Jesus Heals An Officials Son

March 15, 2021, Monday
Monday of the Fourth Week of Lent (Violet)
CYCLE B - YEAR I
RDGS: IS 65:17-21/ PS 30:2.4. 5-6. 11-12. 13
GOSPEL: JN 4:43-54


At that time Jesus left [Samaria] for Galilee.
For Jesus himself testified
that a prophet has no honor in his native place.
When he came into Galilee, the Galileans welcomed him,
since they had seen all he had done in Jerusalem at the feast;
for they themselves had gone to the feast.
Then he returned to Cana in Galilee,
where he had made the water wine.
Now there was a royal official whose son was ill in Capernaum.
When he heard that Jesus had arrived in Galilee from Judea,
he went to him and asked him to come down
and heal his son, who was near death.
Jesus said to him,
"Unless you people see signs and wonders, you will not believe."
The royal official said to him,
"Sir, come down before my child dies."
Jesus said to him, "You may go; your son will live."
The man believed what Jesus said to him and left.
While the man was on his way back,
his slaves met him and told him that his boy would live.
He asked them when he began to recover.
They told him,
"The fever left him yesterday, about one in the afternoon."
The father realized that just at that time Jesus had said to him,
"Your son will live,"
and he and his whole household came to believe.
Now this was the second sign Jesus did
when he came to Galilee from Judea.


GOSPEL REFLECTION:

The officer here looked on Jesus as someone special and pleaded with him to come to his home before the son died. It is interesting that he saw no survival after death. Still, the son was alive, and so there was hope. Now we know that our trust in God must stretch beyond death.

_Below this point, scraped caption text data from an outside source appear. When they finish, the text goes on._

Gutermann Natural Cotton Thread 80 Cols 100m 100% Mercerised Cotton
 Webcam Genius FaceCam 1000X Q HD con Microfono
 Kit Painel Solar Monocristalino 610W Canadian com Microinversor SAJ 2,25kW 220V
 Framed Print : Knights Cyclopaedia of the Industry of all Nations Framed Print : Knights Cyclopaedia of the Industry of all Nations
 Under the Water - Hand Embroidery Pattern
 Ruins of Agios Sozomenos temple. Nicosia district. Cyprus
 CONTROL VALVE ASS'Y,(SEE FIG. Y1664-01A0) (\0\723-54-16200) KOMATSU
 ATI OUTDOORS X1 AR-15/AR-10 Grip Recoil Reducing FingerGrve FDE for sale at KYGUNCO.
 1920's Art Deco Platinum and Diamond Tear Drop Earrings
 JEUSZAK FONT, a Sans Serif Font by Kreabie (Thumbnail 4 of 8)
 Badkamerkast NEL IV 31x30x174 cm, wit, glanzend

This prayer was made humbly and wholeheartedly. A man was praying that his little boy would not die. Jesus saw true faith in his prayer; the boy was healed through the faith of his father. We pray constantly, ‘Lord, I believe, strengthen my belief’.


PRAYER:

Lord, forgive me for the times I have treated you like a messenger boy. I turn to you in a crisis, begging for a favor. When the crisis passes, I easily go back to living as though you did not exist. I want to find time for you, to live in your presence.